The Pioneer asked several recently-returned Whitties about the impressions of America that they came across while abroad. The stereotypes they cite are both amusing and telling of the image our country projects on a global scale.

Juniors Caitlin Goldie and Michail Gerogiev described stereotypes of American women that they encountered:

“American girls are Christian and obsessed with marriage,” said Goldie, who studied in Paris.

“All you have to do to sleep with an American girl is have a British accent,” said Georgiev, recently back from London.

Other impressions dealt with America’s superpower status.

“You come from a very powerful place,” said junior Hanna Daly, quoting her Peruvian host father. She attested that in Peru there is an association of America with money.

Though Whitman students may not have agreed with the opinions about the United States that they heard voiced abroad, their overseas experiences did alter their own perspectives.

“After coming back I find Americans more socially inept,” said Georgiev.

“Americans are a lot less environmentally aware: it’s less of a priority for them,” said Gerringer, comparing America and New Zealand. She also said that she felt less patriotic while overseas.

“I saw another way of a country functioning and thriving,” she said.

Goldie also sees her home nation differently now that she has returned.

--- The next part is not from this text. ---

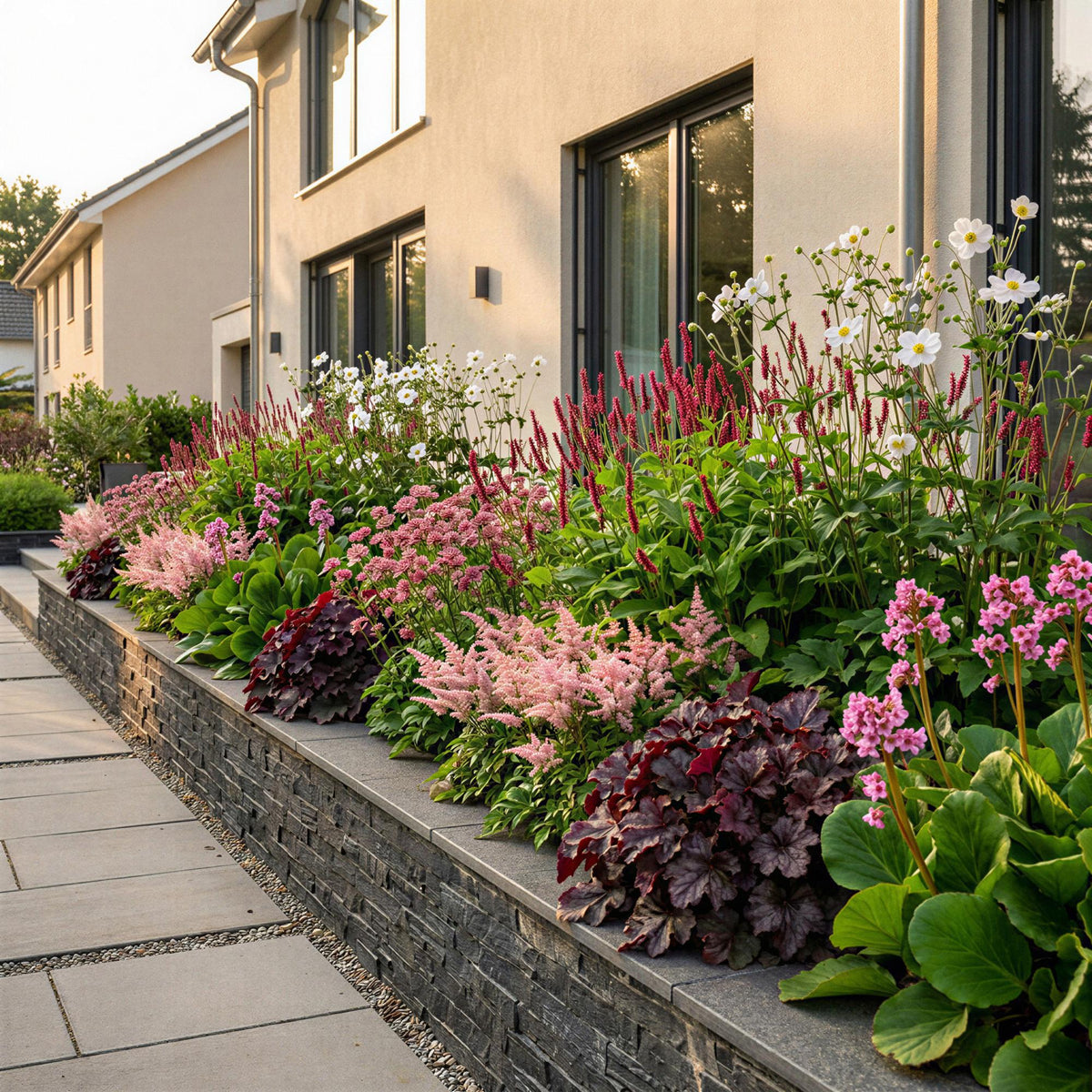 Green boutiQ - Borderpakket - Schaduw - 24 Vaste planten - 3 m2 - Diversen kleuren - Weinig Onderhoud - Pot 11cm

“Americans are less interested in their own history than I thought,” she said. Though Goldie described herself as no more or less patriotic while abroad, “I felt more aware of myself as an American,” she said.

Whitman Counselor Sharon Kaufman-Osborn, M.S.W. finds that students who study abroad return with new awareness of their privileges as Americans.

“Although they might have complaints about U.S. politics, they sometimes report that they appreciate what they have available to them as United States citizens,” Kaufman-Osborn, who talks with students who have studied abroad, said in an e-mail.

The return to life at Whitman is colored by experiences and perspectives gained abroad.

“It feels very restricting to be back in Walla Walla after London,” said Georgiev.

“The conveniences and comforts that we have here are hard to adjust to,” said Daly.

Gerringer and Goldie agreed, citing heating as an example, while Daly mentioned toilet paper.

Time abroad can give students a critical lens on America, but it can also offer a new appreciation of the ability to call a place home.

“I felt tired of not being a part of the country.” said Daly. “I wanted to feel that I belonged.”